The Incomplete Script

Reflections on burnout, disillusionment, and questioning the stories we were told

A publication of first-person essays naming what work feels like — without hero framing. These are lived reflections, not advice.

Empty office conference table with notebook, papers, and laptop in a subdued modern workplace

When Productivity Covered Insecurity

I remember how quickly I reached for work when doubt showed up.

It surfaced in a moment that didn’t require action. A quiet stretch where nothing was immediately wrong, but something felt slightly off.

I noticed a familiar instinct rise — not to sit with the feeling, but to redirect.

I opened something. Started something. Gave myself a task.

At the time, it felt like focus.

The internal maneuver I didn’t name

Productivity created distance. As long as I was doing something concrete, I didn’t have to look too closely at what I was feeling.

Doubt softened when effort appeared. Uncertainty blurred once momentum returned.

I didn’t think of this as avoidance.

I thought I was being resilient.

How work became cover

Over time, I noticed how reliably activity steadied me.

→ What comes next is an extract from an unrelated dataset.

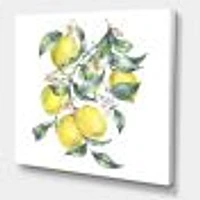 Toile « Branch of Yellow Lemons and Leaves I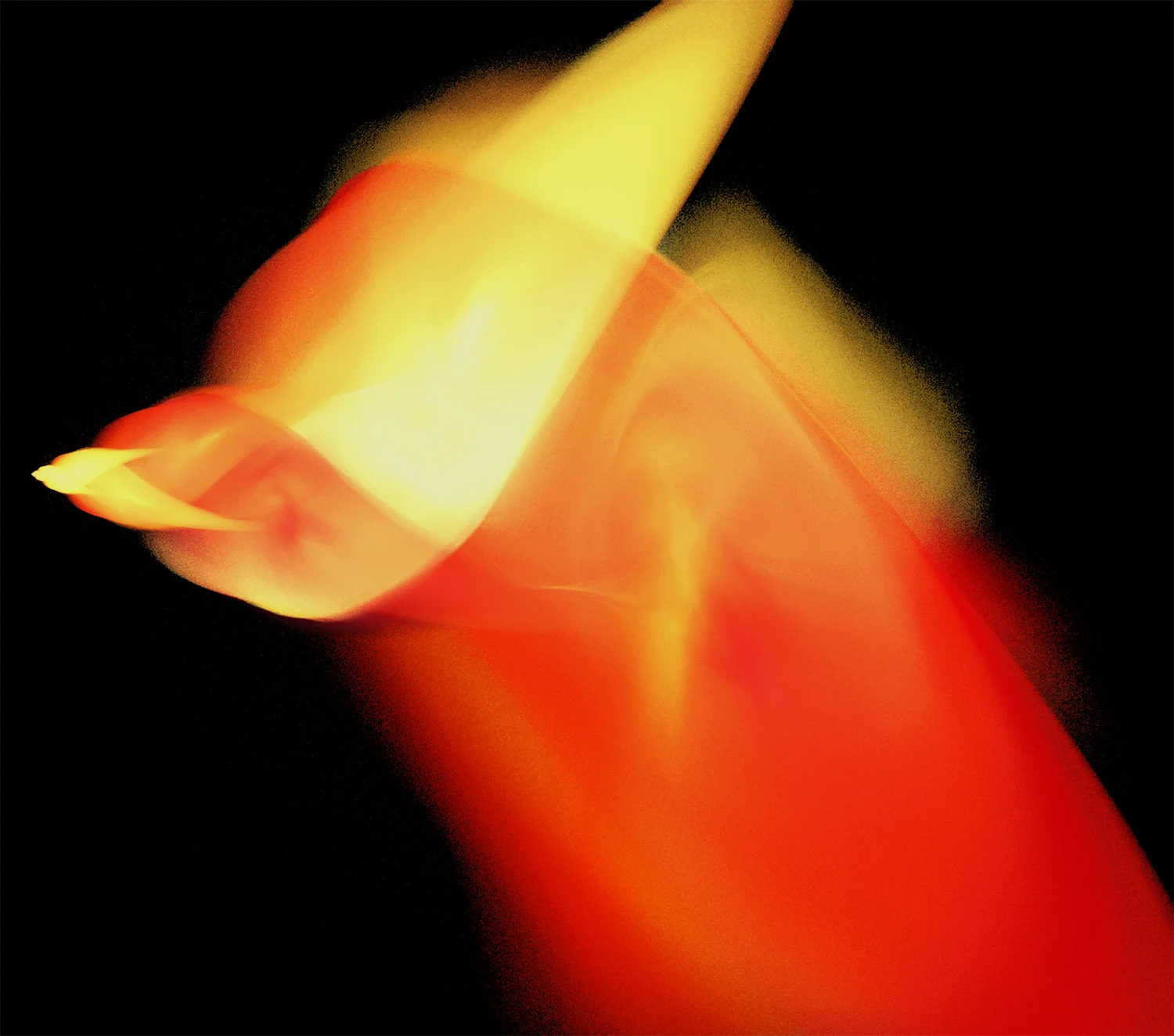 Fractal No. 882&nbsp;© Kelly Naylor 2012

When insecurity surfaced, I answered it with output.

Being productive made me feel competent, and competence felt safer than ambiguity.

If I could perform well, I didn’t have to ask why I felt unsure.

Productivity masked the edges of doubt without resolving it.

The subtle consequence

I stopped noticing insecurity as its own experience. It only registered when productivity dipped.

As long as I was busy, everything felt manageable. When I slowed down, the unease returned.

I learned to stay ahead of that feeling by staying occupied.

Work became the buffer between me and uncertainty.

What eventually became visible

The recognition came when I noticed how quickly I used productivity to override self-doubt.

I wasn’t building confidence.

I was covering insecurity.

And the cover only held as long as I kept producing.

This experience belongs inside the broader pattern explored in the Identity Tied to Output pillar, where productivity becomes a way to stay ahead of self-questioning.

At some point, productivity stopped supporting my confidence and started standing in for it.